Простой вопрос: может ли банальный коммерческий прагматизм обосновать инвестиционные риски, связанные с каким-нибудь необычным делом? Чтобы адекватно оценить истинный потенциал любой инновационной разработки, тот же самый прагматик должен в глубине души быть хоть немного энтузиастом или авантюристом и обладать хотя бы небольшой долей той уверенности в серьезности начинания, какой обладает сам изобретатель-первооткрыватель. Поэтому, говоря о движущих силах прогресса, мы не имеем права игнорировать данную иррациональную составляющую. Как бы мы ни восхваляли рациональность, необходимо понимать, что в чисто психологическом плане движущая сила прогресса покоится как раз на синергии рационального и иррационального. Данное утверждение может показаться парадоксальным, но этот парадокс напрямую вытекает из парадоксальной природы самого прогресса. И с нашей стороны было бы слишком самонадеянно считать данное явление совершенно понятным и прозрачным.

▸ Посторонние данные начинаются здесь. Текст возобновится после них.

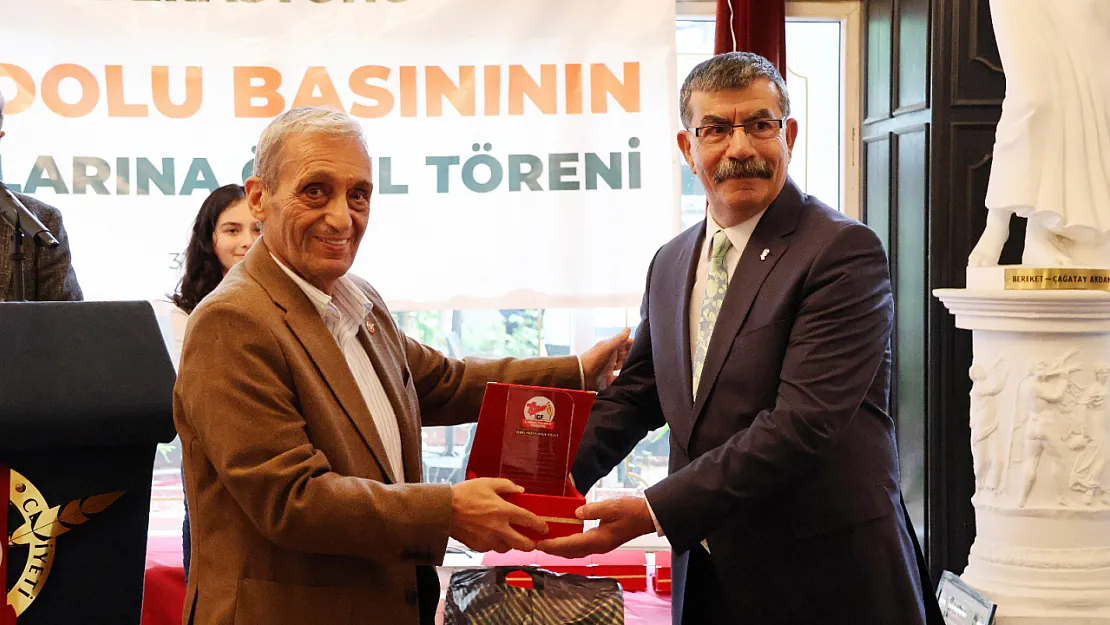 Afyon'un Duayen Gazetecisi, 'Basının Çınarı' Ödülü Aldı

Я специально заостряю здесь внимание на иррациональном моменте, делая это в пику нашим «рыночным фетишистам», которые трактуют внедрение инноваций как обычную рутинную коммерциализацию: пришел – увидел – купил – внедрил.  Здесь есть доля правды, но далеко не вся правда. Указанный путь внедрения инновационных разработок – характерная черта «догоняющих» экономик, приобретающих новое в готовом и испытанном виде. Там, где создается технологический прорыв, действуют более сложные механизмы, основанные как раз на синергии рационального и иррационального.

Когда сегодня мы говорим о развитии таких прорывных направлений, как альтернативная, мобильная или термоядерная энергетика, цифровые технологии или генная инженерия, необходимо понимать, что гигантские суммы, направляемые на исследования в указанных областях, обосновываются, прежде всего, самой верой в научно-технический прогресс. Подчеркиваю – самой верой в научно-технический прогресс, верой в возможности науки!

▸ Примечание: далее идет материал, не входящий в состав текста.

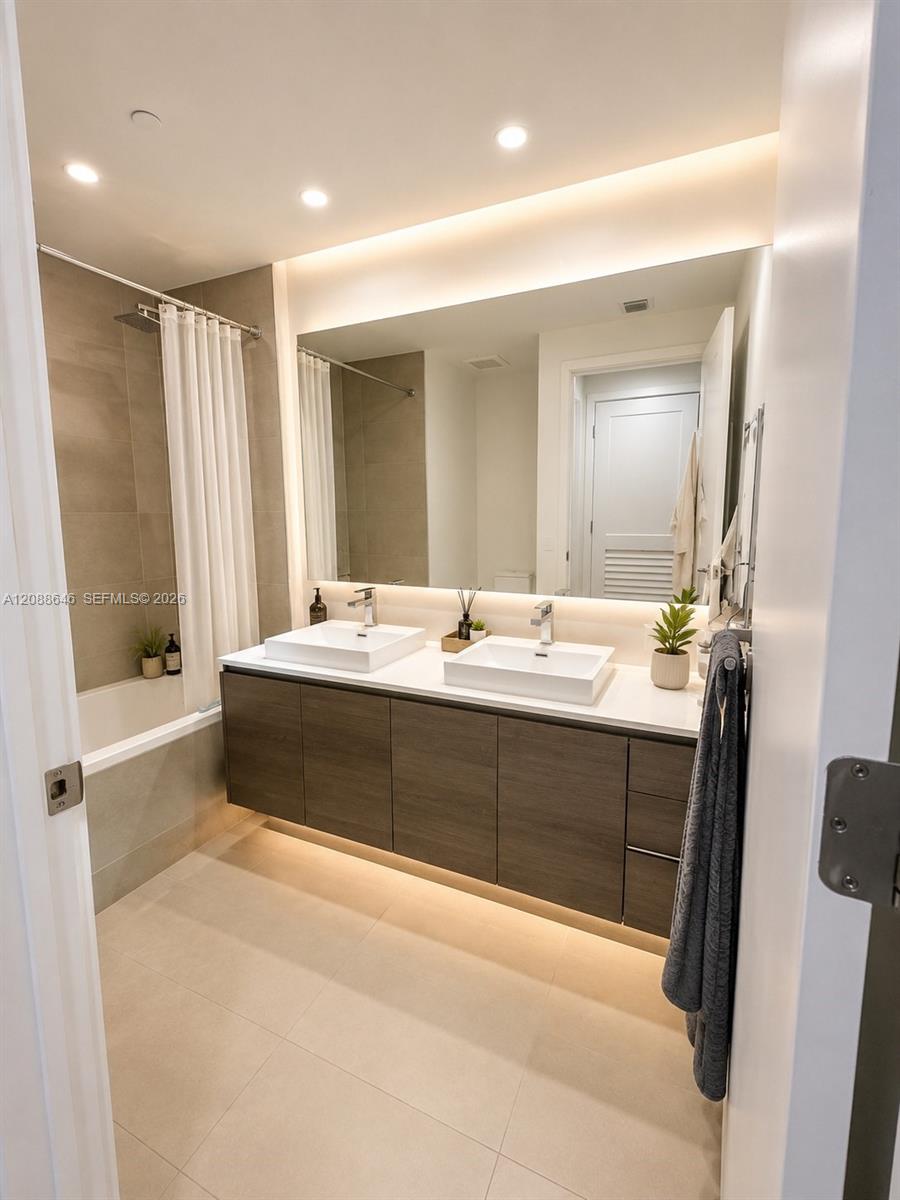1080 Brickell Ave # 907 — Photo 3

Чтобы это оценить, достаточно вспомнить, с чего, например, начиналась история советской космонавтики. Безусловно – с фанатичной веры в возможность космических полетов. Даже больше того – с веры в историческую неизбежность таких полетов! В противном случае Сергей Королев не нашел бы в нашей стране  применения своим талантам.

Если вы почитаете об истории американской космонавтики, то вы обнаружите там таких же энтузиастов с их фанатичной верой в покорение космоса.

Стоит ли, в таком случае, сомневаться в том, что таким же энтузиазмом подпитываются сегодня перечисленные выше прорывные направления? И если завтра мы войдем в термоядерную эру, то надо понимать, что произойдет это благодаря тому, что в течение нескольких десятилетий к такому результату фанатично стремилось не одно поколение ученых-изобретателей.  Причем – вопреки скепсису целого легиона рассудительных прагматиков.